Skylab

skylab.jpg

This is an article I wrote for the Esperance Tide, our lovely little local publication.

In July 1979, Esperance was swept up in a world-wide media frenzy. NASA’s first Space Station, Skylab, was being dragged dangerously close to Earth’s atmosphere. Skylab had been orbiting the Earth for 6 years by this stage, and the drag had been occurring for some time. NASA had been hoping for funds to send a shuttle to Skylab to boost it into a higher orbit, but the funds did not eventuate, and so NASA ground controllers confirmed that they were preparing for a controlled re-entry into Earth’s atmosphere. The year before, the USSR’s Cosmos 954 had re-entered the atmosphere, scattering debris over northern Canada. This led to a lot of concern worldwide about Skylab’s re-entry.

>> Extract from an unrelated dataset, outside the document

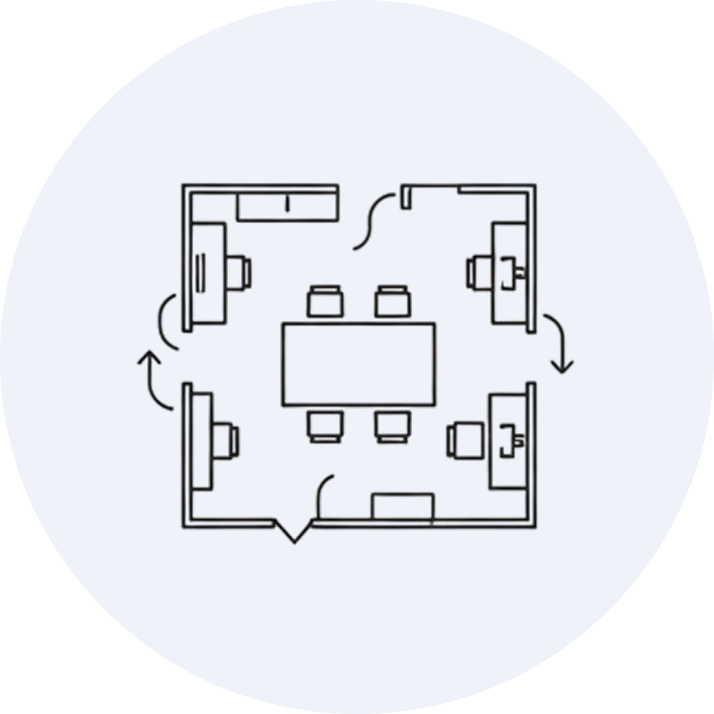 オフィスレイアウト設計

In the Philippines, for example, the President had to make a televised address to calm public panic.

NASA ground controllers had tried to adjust Skylab’s orbit so that the debris from the disintegrating spaceship would land in the Indian Ocean. Due to a slight error in calculations, the debris instead landed hundreds of kilometres further east than anticipated, right over the area stretching from Esperance to Balladonia. The debris landed around 2:37am on the 12th of July, 1979. Locals reported hearing a series of sonic booms, and seeing a flaming trail in the sky. As newspapers around the world reported on this event, a newspaper in San Francisco offered a $10,000 prize to the first person to bring a piece of Skylab to their office within 48 hours of re-entry. 17 year old Esperance local Stan Thornton made it to San Francisco in time to claim the prize.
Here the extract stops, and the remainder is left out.